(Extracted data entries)
===============
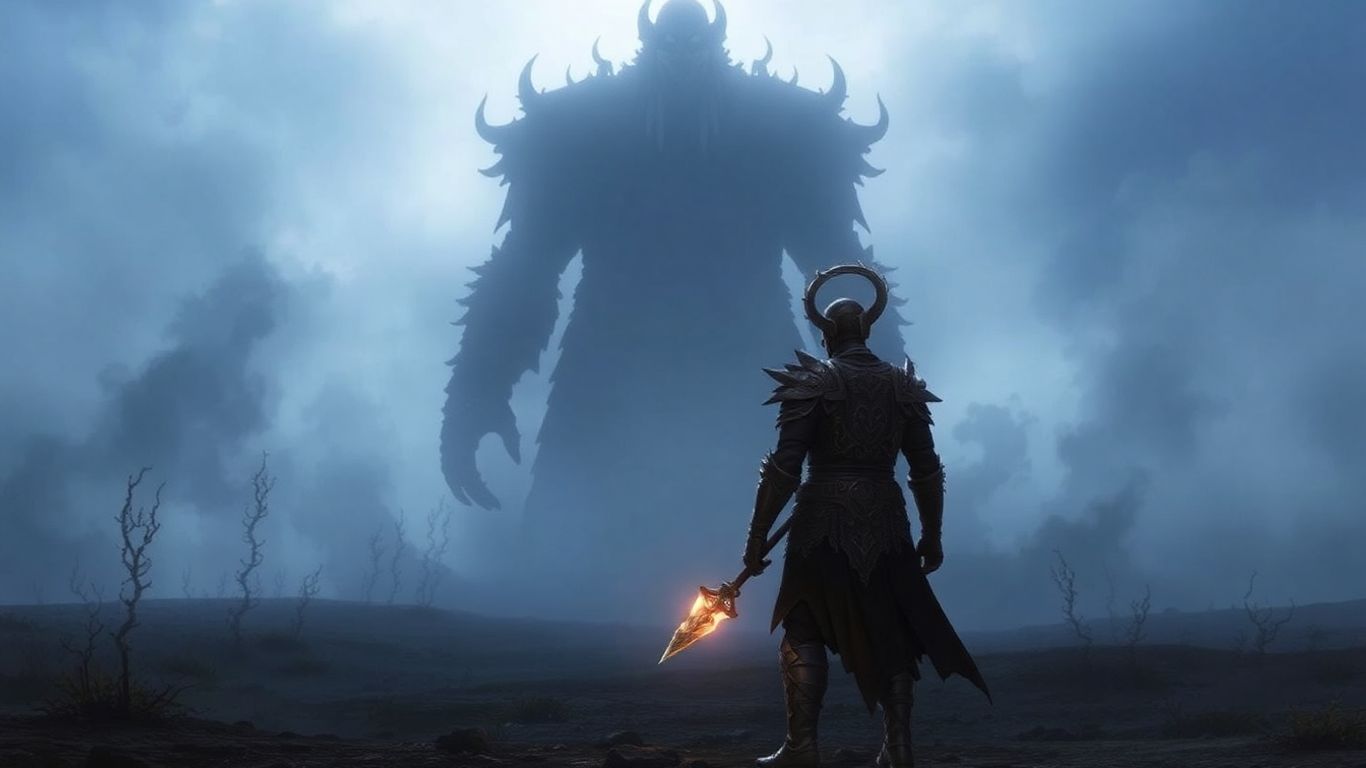 Krieger kämpft gegen riesige Schattenfigur in Elden Ring DLC.
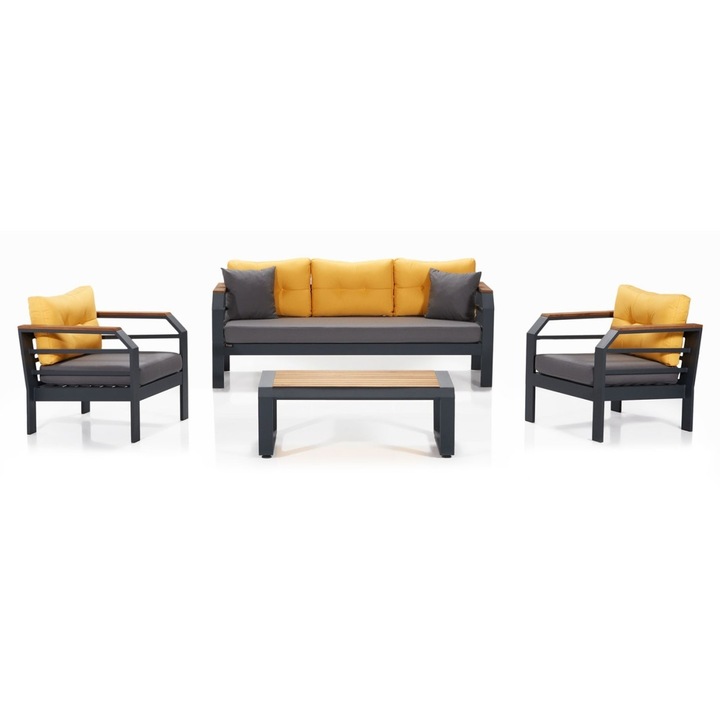 Set masa si fotolii de gradina 4 Piese, Model Assento311S, Galben/Gri, 67x197x77 cm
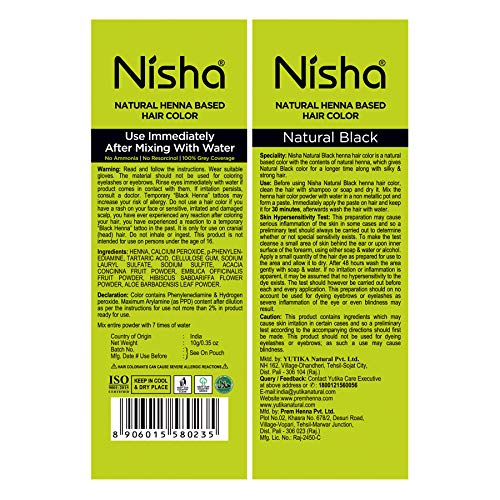 Nisha Natural Black Hair Color Dye Henna Based Black Dye Henna For Hair Men Women Hair Color Black Henna Powder Hair Color Dye Black Without Ammonia 10gm Pack of 10 - Image 3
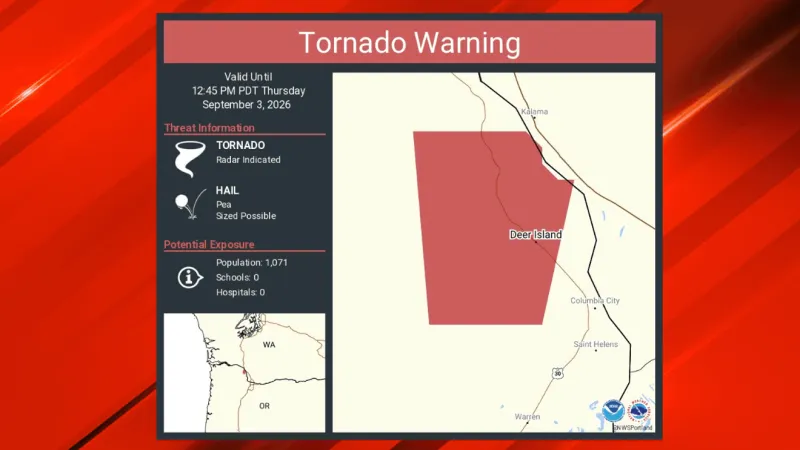 Tornado Warning issued for parts of Columbia County near St. Helens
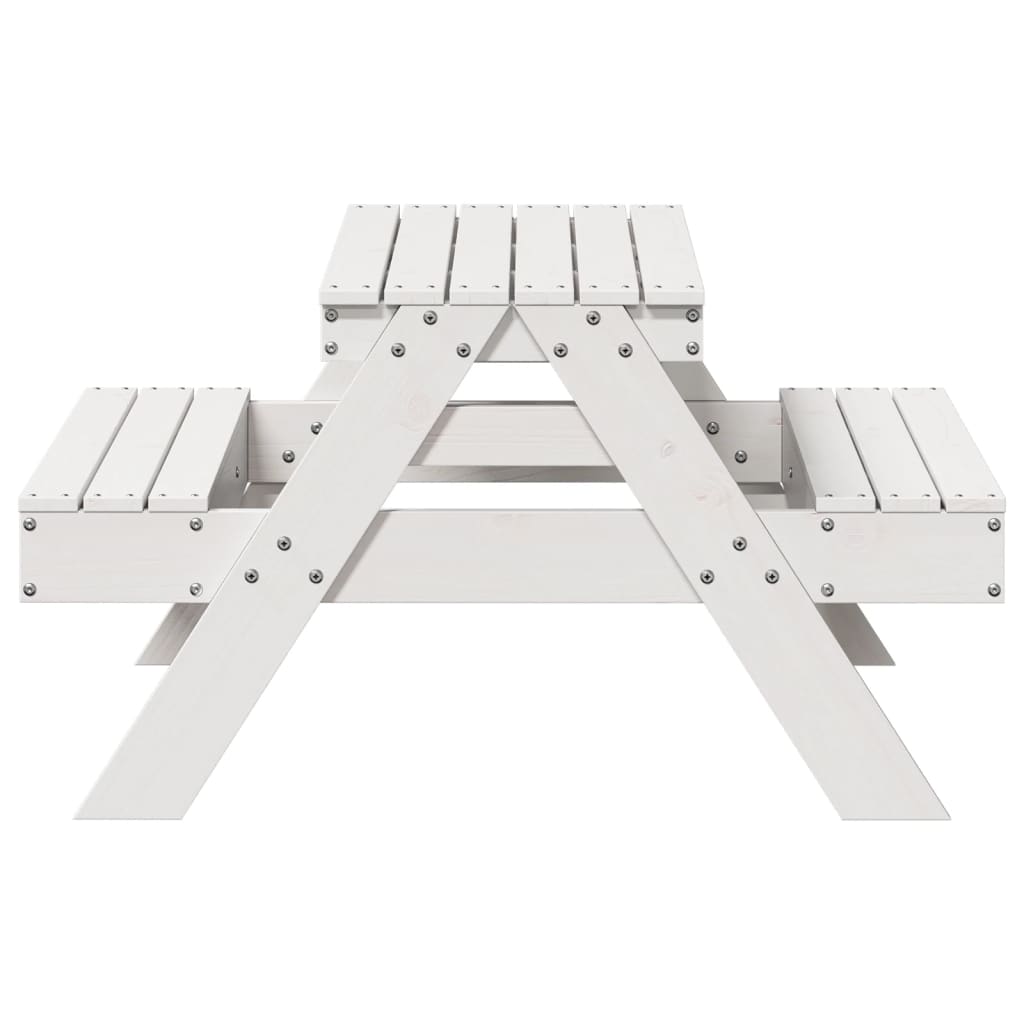 Piknikbord For Barn Hvit 88X97X52 Cm Heltre Furu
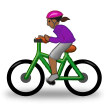🚴🏾‍♀️ Woman Biking: Medium-Dark Skin Tone, Emoji by Samsung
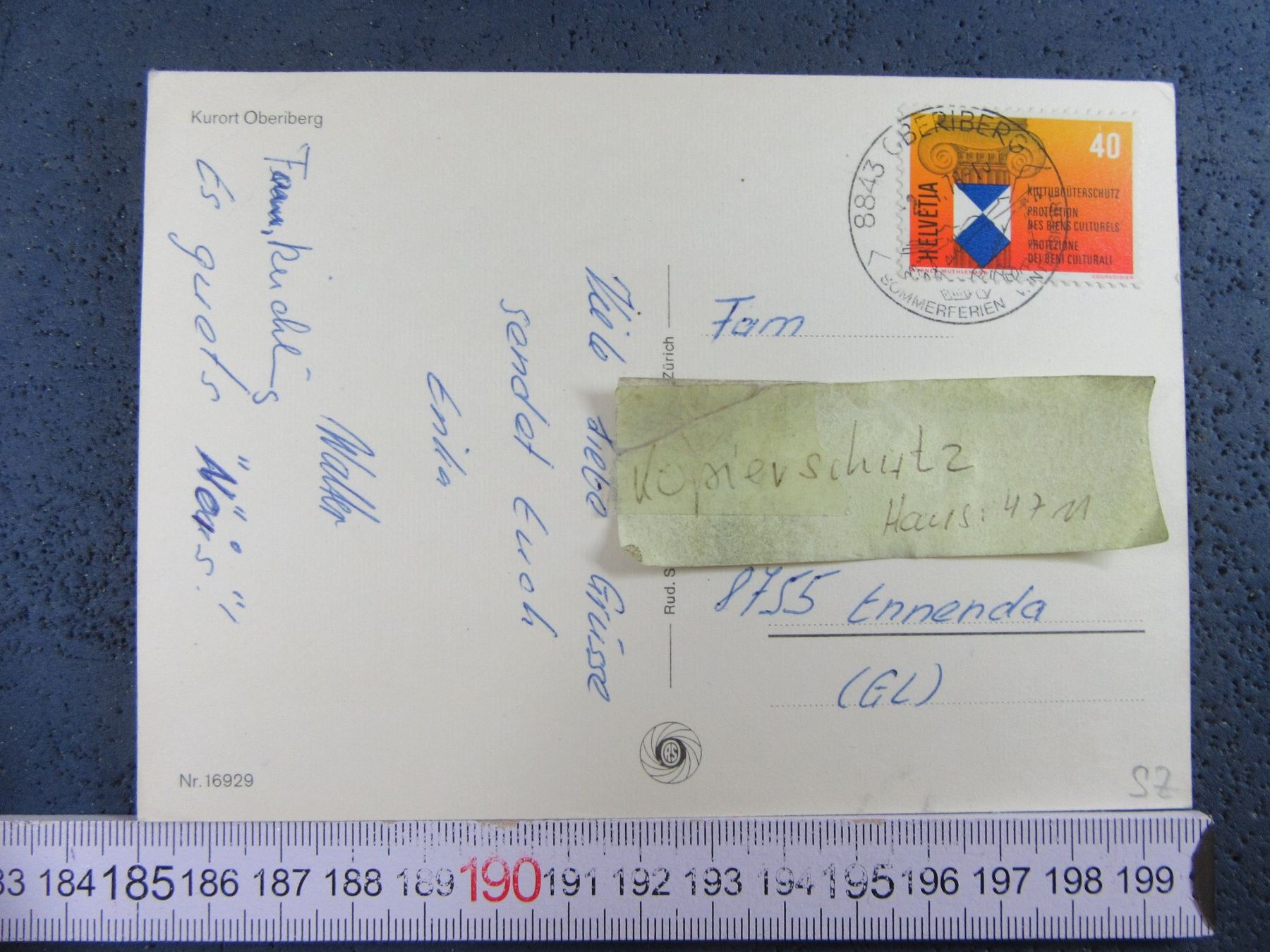 Cartoline postali: OBERIBERG SCHNEE SZ AK – Usato da Ettingen venduto da Hausi4711 1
===============
_Your assignment_: Repeat the data above exactly, but not the pictures.

_Expected answer_:
 Krieger kämpft gegen riesige Schattenfigur in Elden Ring DLC.
 Set masa si fotolii de gradina 4 Piese, Model Assento311S, Galben/Gri, 67x197x77 cm
 Nisha Natural Black Hair Color Dye Henna Based Black Dye Henna For Hair Men Women Hair Color Black Henna Powder Hair Color Dye Black Without Ammonia 10gm Pack of 10 - Image 3
 Tornado Warning issued for parts of Columbia County near St. Helens
 Piknikbord For Barn Hvit 88X97X52 Cm Heltre Furu
🚴🏾‍♀️ Woman Biking: Medium-Dark Skin Tone, Emoji by Samsung
 Cartoline postali: OBERIBERG SCHNEE SZ AK – Usato da Ettingen venduto da Hausi4711 1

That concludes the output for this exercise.